DATA FOR THIS TASK:
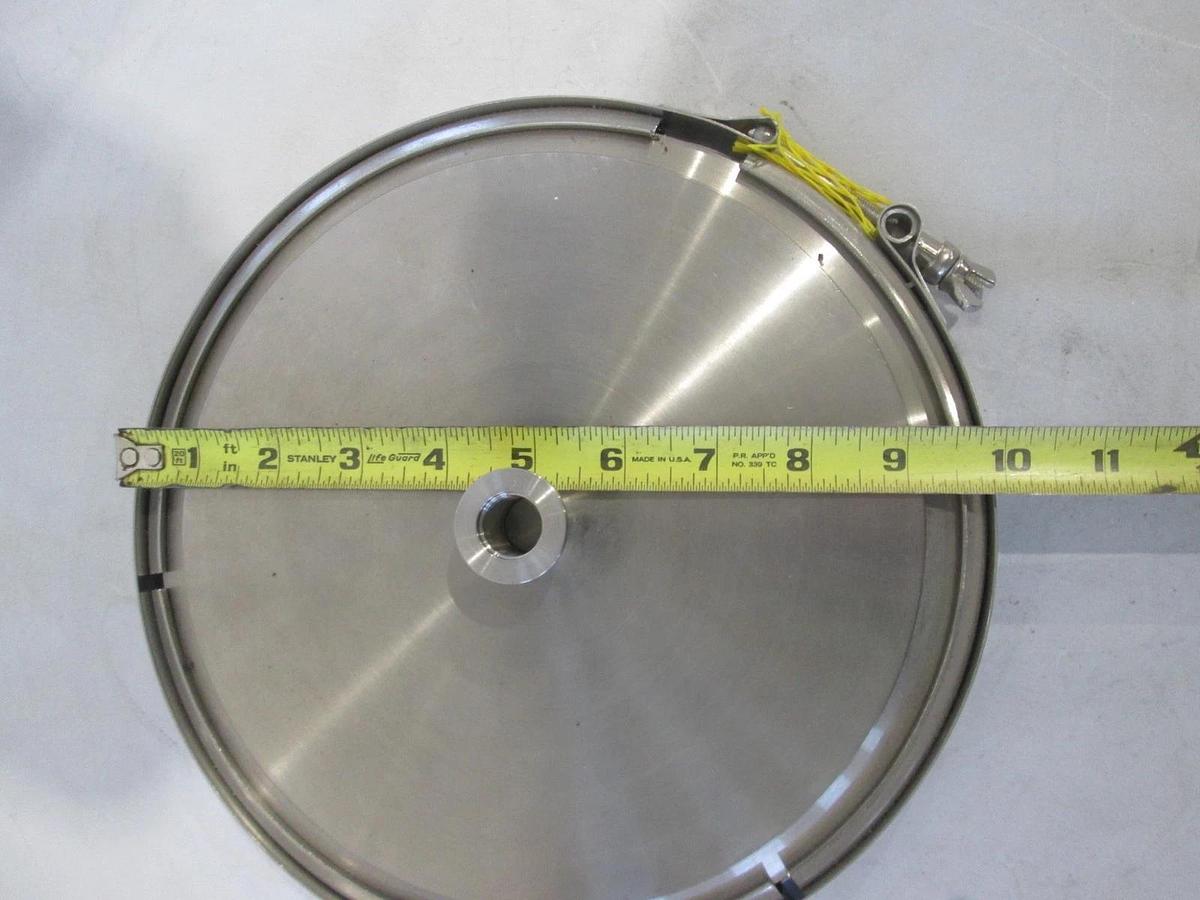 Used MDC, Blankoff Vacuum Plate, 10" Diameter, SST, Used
* * *
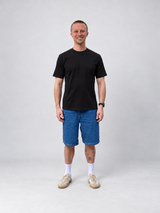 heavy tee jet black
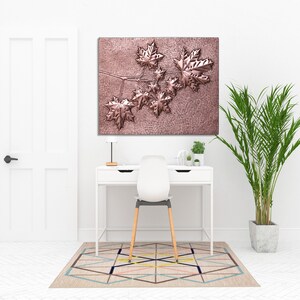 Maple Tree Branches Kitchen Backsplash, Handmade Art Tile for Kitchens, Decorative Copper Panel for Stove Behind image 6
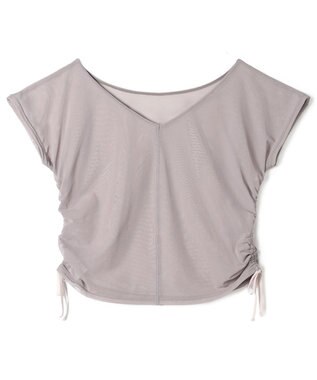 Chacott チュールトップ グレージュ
---
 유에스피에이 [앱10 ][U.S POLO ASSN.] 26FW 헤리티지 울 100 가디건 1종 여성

PROBLEM DETAILS: Only the lines of the listing above from the one with "Maple Tree Branches" through the one with "Chacott チュールトップ グレージュ" should be output, exactly, with both ends kept and pictures left out.

RESULT OF THIS EXERCISE:
 Maple Tree Branches Kitchen Backsplash, Handmade Art Tile for Kitchens, Decorative Copper Panel for Stove Behind image 6
 Chacott チュールトップ グレージュ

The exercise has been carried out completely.